Among the lines of the listing below, retype exactly those from the one containing "Boulevard Marguerite de" through the one containing "オフィスバスターズデザイン価格比較 新品VS中古", both included. Do not include pictures.

▽

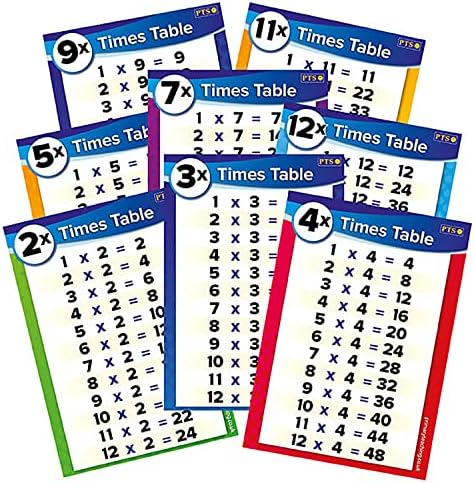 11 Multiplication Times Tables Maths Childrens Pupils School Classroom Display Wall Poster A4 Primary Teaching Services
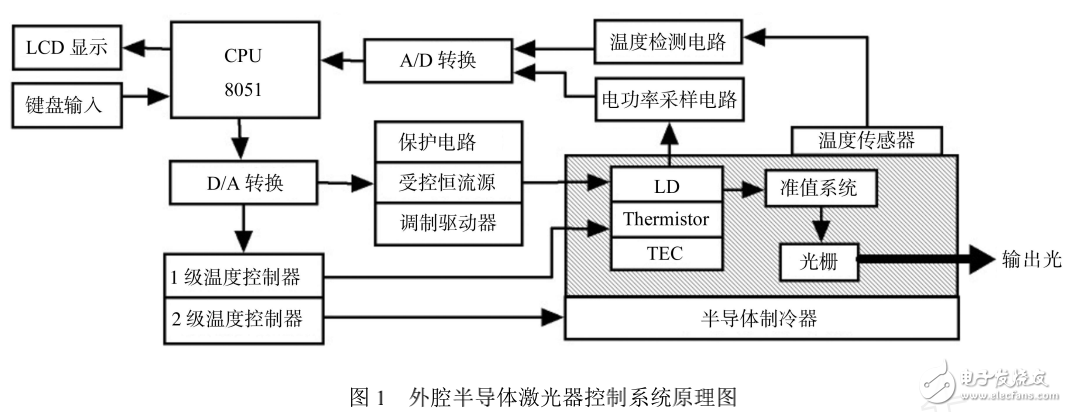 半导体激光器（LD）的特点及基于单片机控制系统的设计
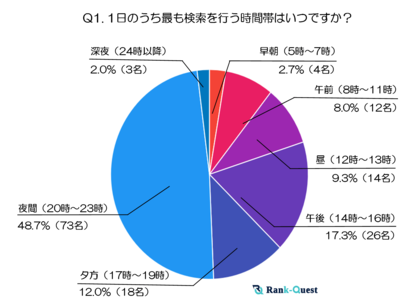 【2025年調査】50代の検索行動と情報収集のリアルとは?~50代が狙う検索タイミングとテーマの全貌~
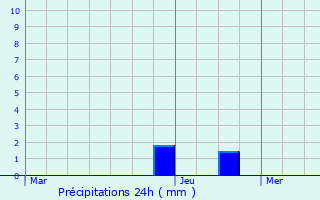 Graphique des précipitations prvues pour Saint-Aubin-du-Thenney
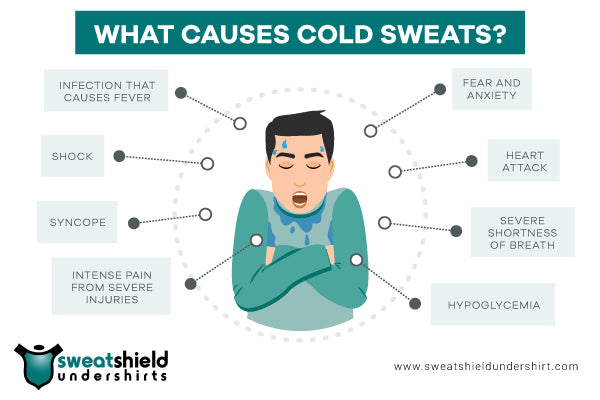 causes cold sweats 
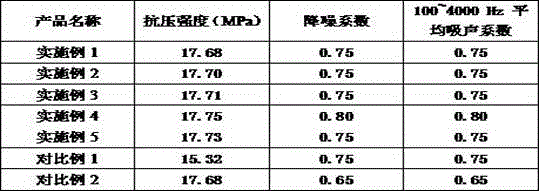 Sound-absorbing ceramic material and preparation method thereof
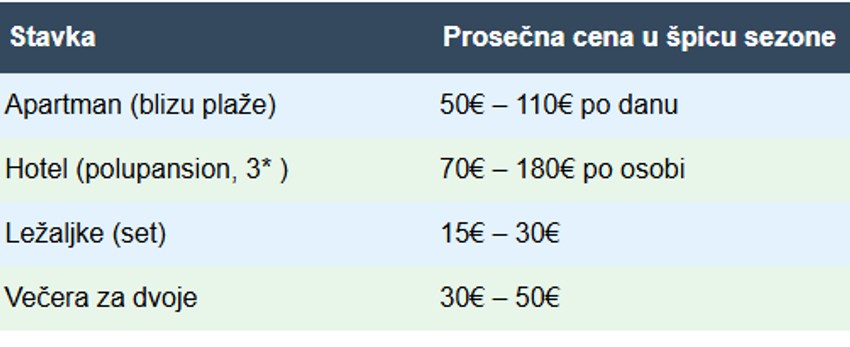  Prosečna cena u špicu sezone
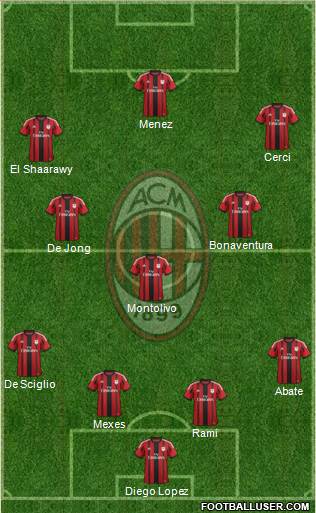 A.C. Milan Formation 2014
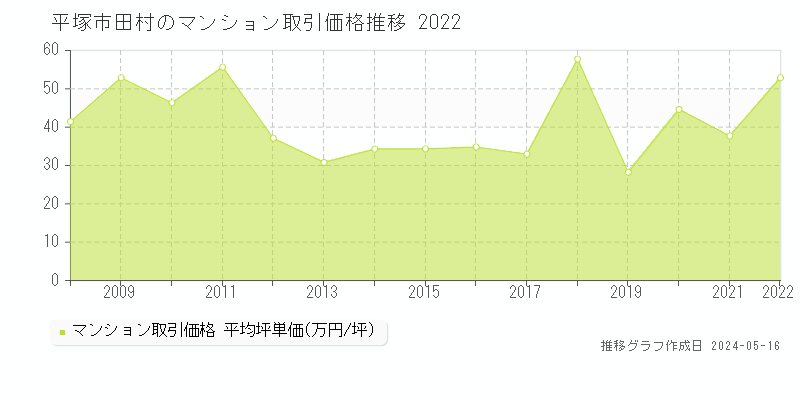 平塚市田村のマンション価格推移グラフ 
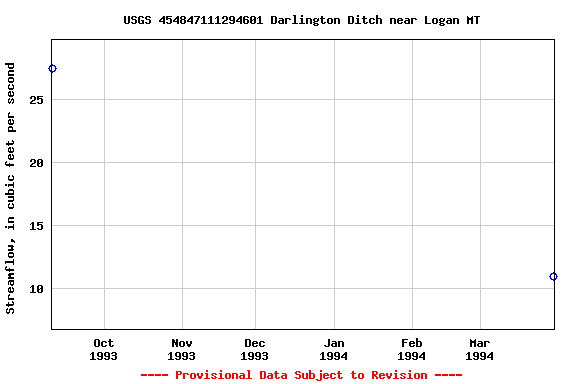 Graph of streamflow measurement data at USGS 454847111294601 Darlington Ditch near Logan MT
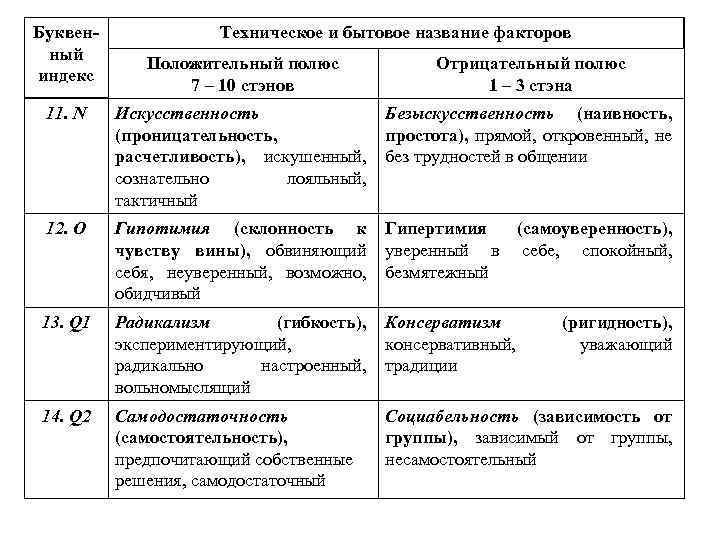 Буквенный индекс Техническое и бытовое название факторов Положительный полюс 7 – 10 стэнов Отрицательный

△
▽

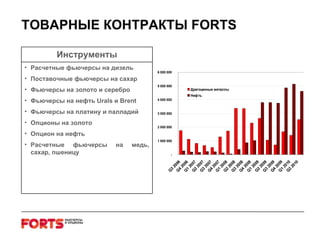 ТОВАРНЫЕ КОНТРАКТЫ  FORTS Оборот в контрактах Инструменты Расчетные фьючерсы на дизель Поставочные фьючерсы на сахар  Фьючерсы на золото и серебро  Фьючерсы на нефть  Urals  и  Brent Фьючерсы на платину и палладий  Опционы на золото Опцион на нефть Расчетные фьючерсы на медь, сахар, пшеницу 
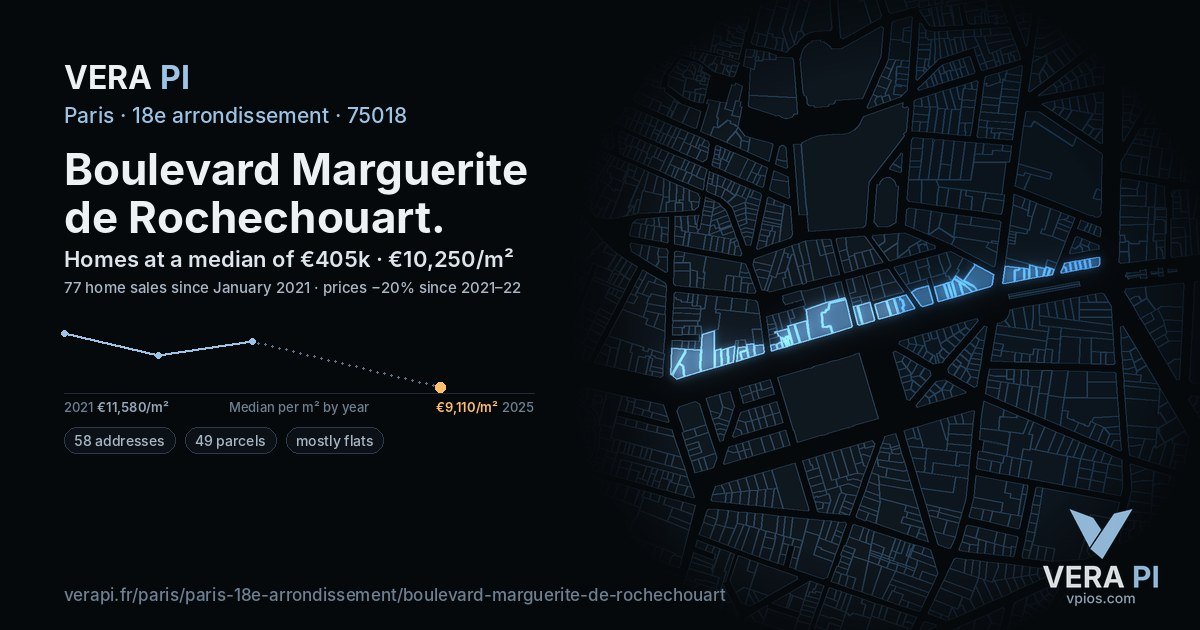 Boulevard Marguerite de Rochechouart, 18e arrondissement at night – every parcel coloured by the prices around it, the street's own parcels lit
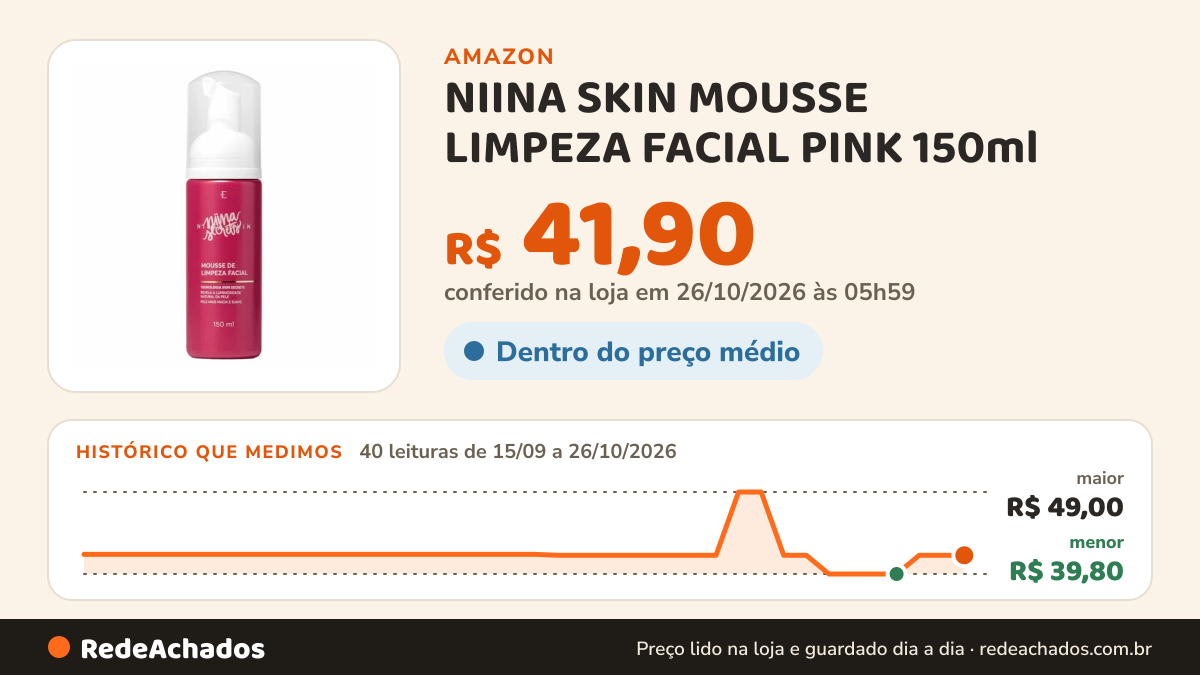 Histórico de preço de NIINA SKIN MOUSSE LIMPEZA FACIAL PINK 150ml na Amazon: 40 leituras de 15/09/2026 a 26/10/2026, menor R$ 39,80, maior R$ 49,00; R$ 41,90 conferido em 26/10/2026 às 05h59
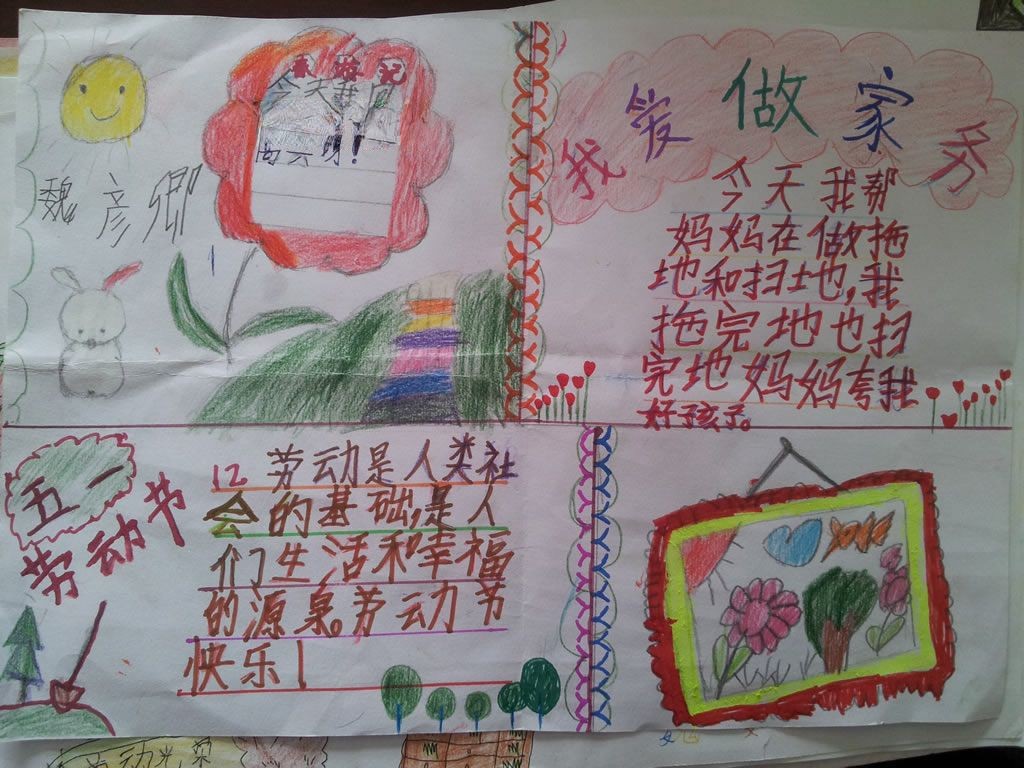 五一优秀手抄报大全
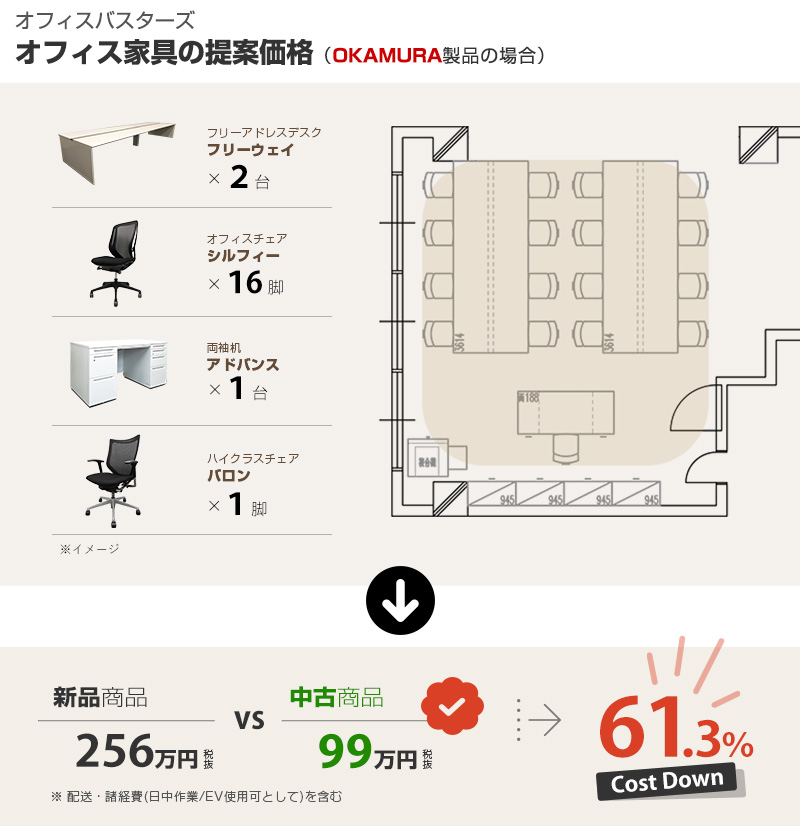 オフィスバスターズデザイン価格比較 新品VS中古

△

#### [TASK ANSWER]
 Boulevard Marguerite de Rochechouart, 18e arrondissement at night – every parcel coloured by the prices around it, the street's own parcels lit
 Histórico de preço de NIINA SKIN MOUSSE LIMPEZA FACIAL PINK 150ml na Amazon: 40 leituras de 15/09/2026 a 26/10/2026, menor R$ 39,80, maior R$ 49,00; R$ 41,90 conferido em 26/10/2026 às 05h59
 五一优秀手抄报大全
 オフィスバスターズデザイン価格比較 新品VS中古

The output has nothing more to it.